To the Editor:
Dear Mr. President,
You’ve rather perplexed me, sir.
Six years ago as a U.S. senator, you announced that you opposed “the effort to increase America’s debt limit.”
You rightfully upbraided the Bush administration for “a debt problem,” dependence on foreign assistance, “reckless fiscal policies” and continually shifting “the burden of bad choices ... onto the backs of our children and grandchildren.”
Simply put, “Americans deserve better.” You were right.
Yet, here we are, five years and $8 trillion of additional debt later and you’ve again spent past the debt ceiling of $16.4 trillion.
What happened, sir?
Did you change your mind about the dangers of excessive unfunded spending?
Did you suddenly realize that hard, necessary, responsible choices were more difficult than punting the rusty old can — and our children’s futures — down the barren road?
It’s clear you haven’t forgotten about the future.

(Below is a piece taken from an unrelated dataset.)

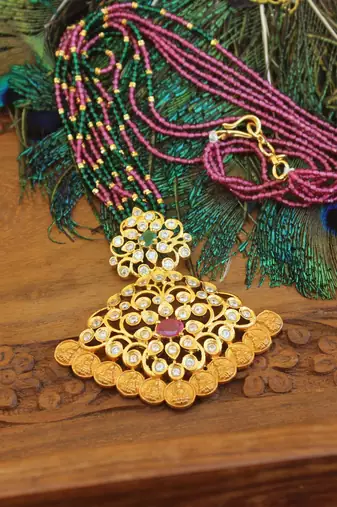 Designer gold plated temple beads necklace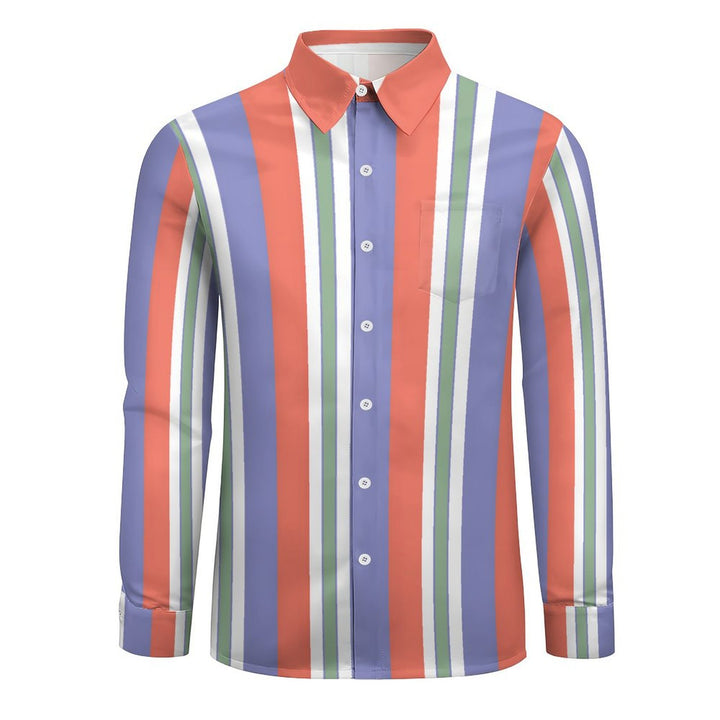 Men's Striped Casual Printed Long Sleeve Shirt 2402000115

For instance, you addressed climate change in your inaugural address, mentioning that we have an obligation not just to ourselves, but to posterity. You correctly stated that a failure to act would “betray our children and future generations.”
Why does that same logic not apply to the burdensome debt currently betraying our future generations?
You were right in 2006; these spend-now, pay-later policies were bad for posterity under Bush and they’re even worse now.
Get us back on track with responsible spending.
After all, as you once asked, “If we can’t aspire to something better, then why get into politics?”
Mr. President, sorry to leave so soon, but I must balance my checkbook.